From the first line of the data below, repeat each line exactly until you reach the line with "Gungstol för Utomhusbruk"; include that line too.

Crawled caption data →
^^^^
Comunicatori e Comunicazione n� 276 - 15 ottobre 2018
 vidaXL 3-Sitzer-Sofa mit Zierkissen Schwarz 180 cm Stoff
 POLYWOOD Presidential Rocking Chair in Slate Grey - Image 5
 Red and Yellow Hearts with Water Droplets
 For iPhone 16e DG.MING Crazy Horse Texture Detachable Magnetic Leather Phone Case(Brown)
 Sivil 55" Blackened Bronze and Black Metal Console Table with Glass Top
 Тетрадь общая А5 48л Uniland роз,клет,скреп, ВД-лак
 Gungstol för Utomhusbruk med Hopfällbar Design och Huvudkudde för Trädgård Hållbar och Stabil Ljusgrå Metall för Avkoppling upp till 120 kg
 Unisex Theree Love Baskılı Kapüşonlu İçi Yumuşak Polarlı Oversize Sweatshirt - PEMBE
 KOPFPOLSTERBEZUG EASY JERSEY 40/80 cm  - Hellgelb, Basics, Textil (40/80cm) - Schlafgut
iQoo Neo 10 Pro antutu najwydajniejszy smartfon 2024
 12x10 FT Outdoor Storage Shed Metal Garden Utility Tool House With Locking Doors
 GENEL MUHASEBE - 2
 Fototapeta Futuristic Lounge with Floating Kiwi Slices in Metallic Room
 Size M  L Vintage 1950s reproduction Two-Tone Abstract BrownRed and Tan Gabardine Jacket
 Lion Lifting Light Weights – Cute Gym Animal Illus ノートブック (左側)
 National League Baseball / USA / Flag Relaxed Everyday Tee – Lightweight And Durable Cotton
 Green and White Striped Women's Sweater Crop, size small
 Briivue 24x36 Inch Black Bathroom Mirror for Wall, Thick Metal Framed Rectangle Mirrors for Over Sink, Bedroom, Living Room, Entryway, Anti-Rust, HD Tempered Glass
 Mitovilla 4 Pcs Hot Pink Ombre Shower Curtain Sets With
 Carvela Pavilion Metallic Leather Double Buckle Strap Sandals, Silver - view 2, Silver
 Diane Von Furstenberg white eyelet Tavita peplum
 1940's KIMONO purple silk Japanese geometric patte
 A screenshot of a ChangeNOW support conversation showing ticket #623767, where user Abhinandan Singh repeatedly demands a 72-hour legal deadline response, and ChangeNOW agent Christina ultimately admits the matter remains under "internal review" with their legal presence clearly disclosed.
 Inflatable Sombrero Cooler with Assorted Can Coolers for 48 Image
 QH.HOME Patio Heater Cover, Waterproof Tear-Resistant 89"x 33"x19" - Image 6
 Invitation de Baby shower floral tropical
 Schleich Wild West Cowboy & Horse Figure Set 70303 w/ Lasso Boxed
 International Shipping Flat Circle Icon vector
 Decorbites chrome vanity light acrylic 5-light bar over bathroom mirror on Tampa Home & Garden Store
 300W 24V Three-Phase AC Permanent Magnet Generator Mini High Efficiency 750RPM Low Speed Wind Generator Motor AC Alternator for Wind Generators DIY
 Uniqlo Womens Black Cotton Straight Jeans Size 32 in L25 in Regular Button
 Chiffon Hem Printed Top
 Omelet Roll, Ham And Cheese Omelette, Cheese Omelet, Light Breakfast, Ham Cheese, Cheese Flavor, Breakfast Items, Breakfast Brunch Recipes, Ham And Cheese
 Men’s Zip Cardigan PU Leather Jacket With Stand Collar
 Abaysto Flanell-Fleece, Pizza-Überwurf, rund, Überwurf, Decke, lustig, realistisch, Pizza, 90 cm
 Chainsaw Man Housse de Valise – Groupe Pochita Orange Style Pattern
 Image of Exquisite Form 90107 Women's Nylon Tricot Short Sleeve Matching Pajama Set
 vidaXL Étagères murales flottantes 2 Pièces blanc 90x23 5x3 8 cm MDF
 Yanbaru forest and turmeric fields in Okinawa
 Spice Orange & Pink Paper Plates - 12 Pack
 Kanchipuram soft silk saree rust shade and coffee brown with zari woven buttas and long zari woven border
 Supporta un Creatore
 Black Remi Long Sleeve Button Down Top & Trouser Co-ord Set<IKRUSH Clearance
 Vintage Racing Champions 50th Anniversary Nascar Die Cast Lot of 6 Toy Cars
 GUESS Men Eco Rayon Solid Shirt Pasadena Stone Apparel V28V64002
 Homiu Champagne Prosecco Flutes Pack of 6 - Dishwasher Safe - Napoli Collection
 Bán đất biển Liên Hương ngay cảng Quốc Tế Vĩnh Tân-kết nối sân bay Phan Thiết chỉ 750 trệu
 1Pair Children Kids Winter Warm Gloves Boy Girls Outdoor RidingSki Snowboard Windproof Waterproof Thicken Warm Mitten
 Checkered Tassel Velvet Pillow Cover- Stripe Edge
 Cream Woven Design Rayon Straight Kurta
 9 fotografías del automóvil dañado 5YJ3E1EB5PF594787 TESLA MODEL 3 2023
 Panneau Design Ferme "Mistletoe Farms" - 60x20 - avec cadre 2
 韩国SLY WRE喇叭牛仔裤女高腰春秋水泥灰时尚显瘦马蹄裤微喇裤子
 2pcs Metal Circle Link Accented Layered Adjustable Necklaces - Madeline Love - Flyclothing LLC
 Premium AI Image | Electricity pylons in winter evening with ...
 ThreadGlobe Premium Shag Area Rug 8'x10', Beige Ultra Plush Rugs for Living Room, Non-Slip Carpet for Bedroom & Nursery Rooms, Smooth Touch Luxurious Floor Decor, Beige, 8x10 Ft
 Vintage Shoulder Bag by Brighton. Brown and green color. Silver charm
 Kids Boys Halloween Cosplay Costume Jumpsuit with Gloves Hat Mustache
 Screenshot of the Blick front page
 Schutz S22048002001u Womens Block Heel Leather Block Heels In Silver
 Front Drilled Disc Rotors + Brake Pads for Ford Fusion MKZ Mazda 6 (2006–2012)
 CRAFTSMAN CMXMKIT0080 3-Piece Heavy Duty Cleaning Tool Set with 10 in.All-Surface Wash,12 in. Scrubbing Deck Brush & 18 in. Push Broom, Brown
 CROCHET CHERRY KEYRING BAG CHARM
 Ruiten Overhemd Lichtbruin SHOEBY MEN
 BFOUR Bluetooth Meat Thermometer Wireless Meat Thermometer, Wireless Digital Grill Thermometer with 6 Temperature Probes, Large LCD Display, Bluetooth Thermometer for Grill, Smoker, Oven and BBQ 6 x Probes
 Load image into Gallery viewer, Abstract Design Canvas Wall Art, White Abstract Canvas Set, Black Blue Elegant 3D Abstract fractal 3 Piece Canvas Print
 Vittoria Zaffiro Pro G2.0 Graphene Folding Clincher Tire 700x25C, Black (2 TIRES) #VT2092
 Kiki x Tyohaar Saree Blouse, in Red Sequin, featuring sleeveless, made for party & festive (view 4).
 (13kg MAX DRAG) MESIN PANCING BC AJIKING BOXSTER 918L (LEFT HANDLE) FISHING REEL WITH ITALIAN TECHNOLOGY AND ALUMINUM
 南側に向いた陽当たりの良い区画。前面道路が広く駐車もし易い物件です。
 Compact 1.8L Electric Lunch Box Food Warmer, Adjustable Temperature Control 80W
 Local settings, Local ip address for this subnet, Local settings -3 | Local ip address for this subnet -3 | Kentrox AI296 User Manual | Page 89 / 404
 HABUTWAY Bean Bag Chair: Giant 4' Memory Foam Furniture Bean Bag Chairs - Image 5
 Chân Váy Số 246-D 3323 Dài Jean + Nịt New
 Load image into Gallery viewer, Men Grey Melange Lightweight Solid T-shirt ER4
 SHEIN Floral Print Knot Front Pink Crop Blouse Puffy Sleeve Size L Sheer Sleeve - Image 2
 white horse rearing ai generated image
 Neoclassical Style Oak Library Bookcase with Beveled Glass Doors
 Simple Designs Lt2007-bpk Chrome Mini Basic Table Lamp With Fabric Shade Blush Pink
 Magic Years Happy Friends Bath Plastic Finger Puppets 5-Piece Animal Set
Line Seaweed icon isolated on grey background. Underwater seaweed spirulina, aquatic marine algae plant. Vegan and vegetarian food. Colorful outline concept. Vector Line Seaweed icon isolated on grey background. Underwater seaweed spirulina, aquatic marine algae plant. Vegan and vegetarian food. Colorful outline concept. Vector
^^^^
Response →
Comunicatori e Comunicazione n� 276 - 15 ottobre 2018
 vidaXL 3-Sitzer-Sofa mit Zierkissen Schwarz 180 cm Stoff
 POLYWOOD Presidential Rocking Chair in Slate Grey - Image 5
 Red and Yellow Hearts with Water Droplets
 For iPhone 16e DG.MING Crazy Horse Texture Detachable Magnetic Leather Phone Case(Brown)
 Sivil 55" Blackened Bronze and Black Metal Console Table with Glass Top
 Тетрадь общая А5 48л Uniland роз,клет,скреп, ВД-лак
 Gungstol för Utomhusbruk med Hopfällbar Design och Huvudkudde för Trädgård Hållbar och Stabil Ljusgrå Metall för Avkoppling upp till 120 kg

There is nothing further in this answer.